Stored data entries
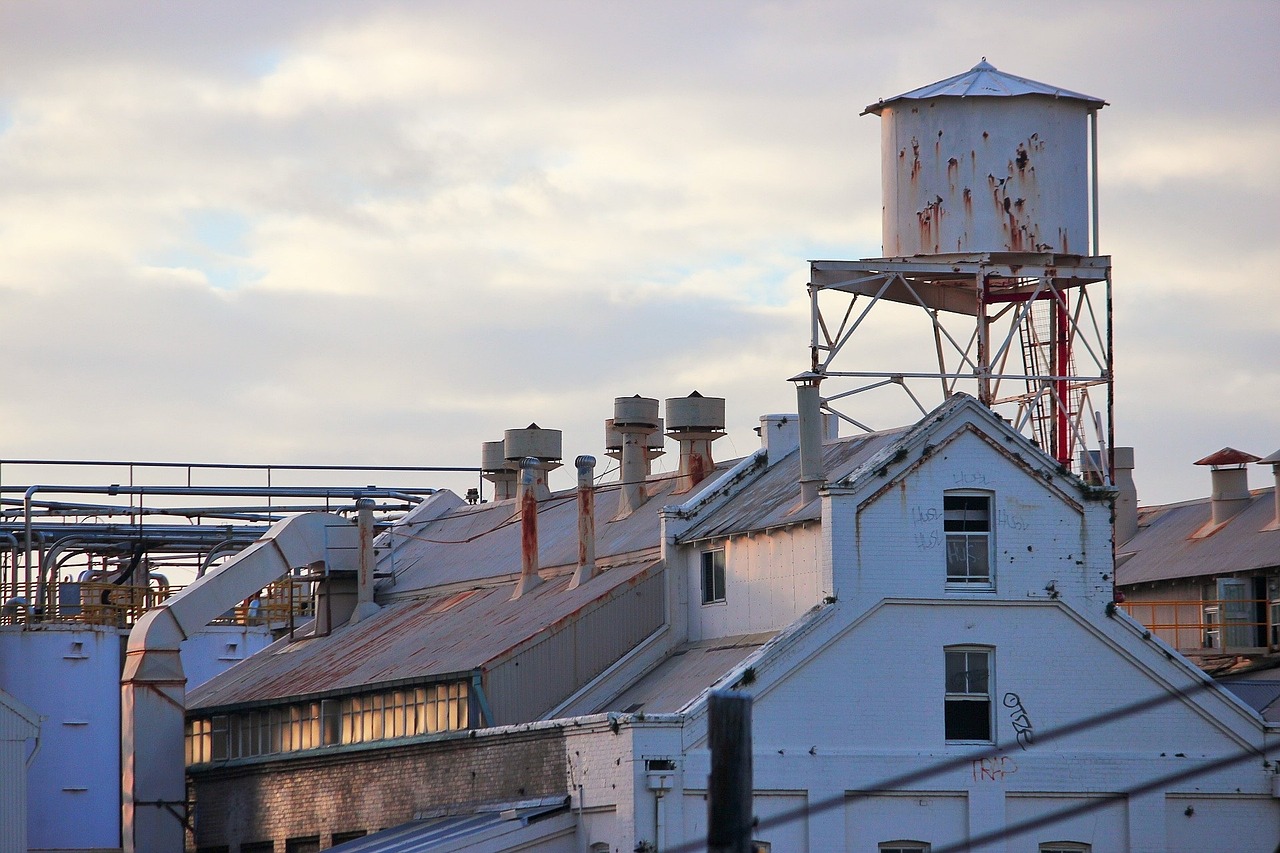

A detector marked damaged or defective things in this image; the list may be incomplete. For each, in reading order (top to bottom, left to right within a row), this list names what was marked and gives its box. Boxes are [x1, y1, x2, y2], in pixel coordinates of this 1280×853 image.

rusty metal water tank [865, 59, 1105, 253]
rusty roof stain [1116, 489, 1274, 589]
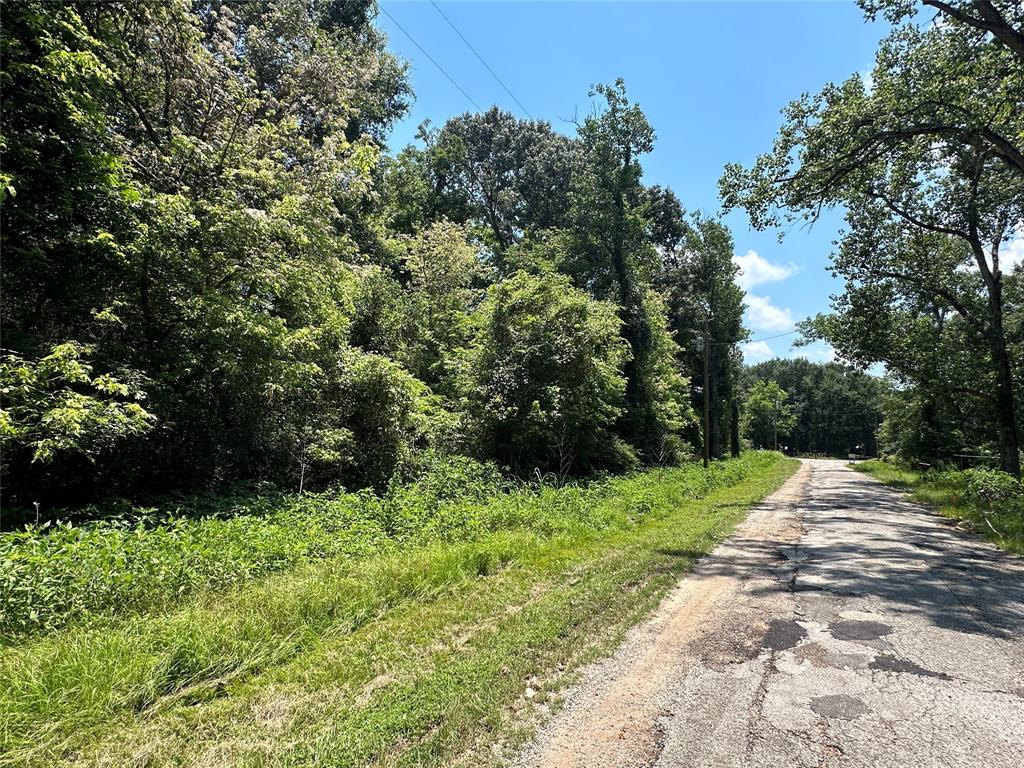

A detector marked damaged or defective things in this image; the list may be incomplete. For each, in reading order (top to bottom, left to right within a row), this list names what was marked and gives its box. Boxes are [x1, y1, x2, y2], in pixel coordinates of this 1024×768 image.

cracked asphalt road [516, 462, 1024, 768]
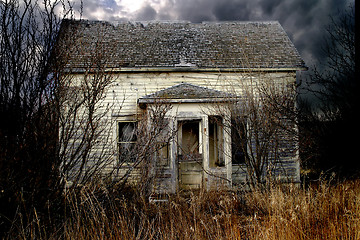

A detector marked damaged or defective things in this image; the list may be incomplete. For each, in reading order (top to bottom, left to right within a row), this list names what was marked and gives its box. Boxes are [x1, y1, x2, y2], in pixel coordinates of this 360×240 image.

broken window [117, 122, 137, 163]
broken window [208, 116, 225, 167]
broken window [231, 116, 248, 165]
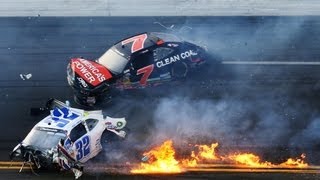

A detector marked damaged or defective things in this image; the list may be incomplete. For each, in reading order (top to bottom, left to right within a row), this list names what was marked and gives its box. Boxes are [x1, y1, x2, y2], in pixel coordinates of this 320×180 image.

damaged vehicle [66, 31, 209, 105]
crashed nascar car [67, 32, 208, 105]
crashed nascar car [9, 98, 126, 179]
damaged vehicle [9, 98, 126, 179]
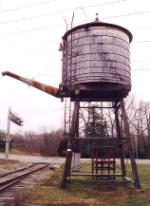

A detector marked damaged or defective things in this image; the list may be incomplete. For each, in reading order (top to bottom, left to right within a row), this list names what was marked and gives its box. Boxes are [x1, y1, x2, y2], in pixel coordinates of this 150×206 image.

rusty metal tank [61, 20, 133, 97]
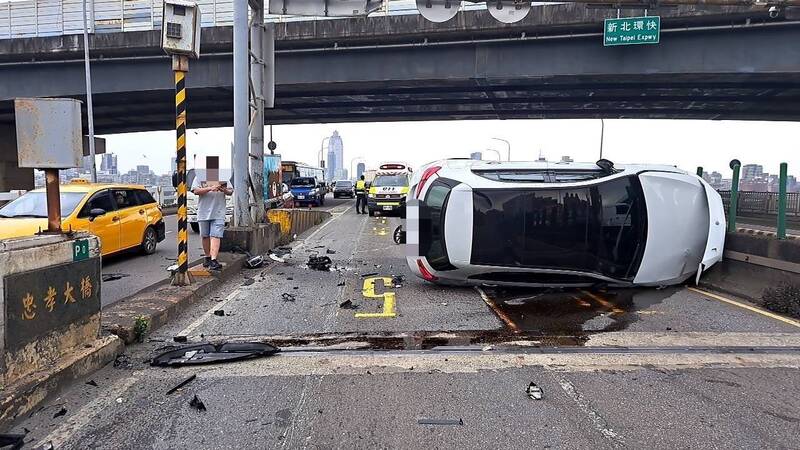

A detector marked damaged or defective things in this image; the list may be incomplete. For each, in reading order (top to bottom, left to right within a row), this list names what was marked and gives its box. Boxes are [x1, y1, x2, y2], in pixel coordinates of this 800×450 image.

overturned white car [406, 160, 724, 288]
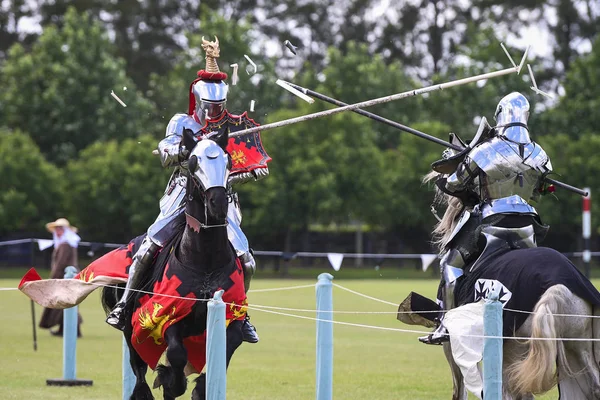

**Your instructions:**
What is needed is an exact transcription of the lines from the one containing "this 800×450 image." through the last line of the records above, both included, with no pictures.

**Expected answer:**
A detector marked damaged or defective things in this image; the list may be incomplete. For each, in reading order (top to bottom, left to right within a row), this list names what was marked and gives its box. Boxes are [x1, y1, x2, y2], in pixel coordinates of this 800×450 image.

overturned white car [406, 160, 724, 288]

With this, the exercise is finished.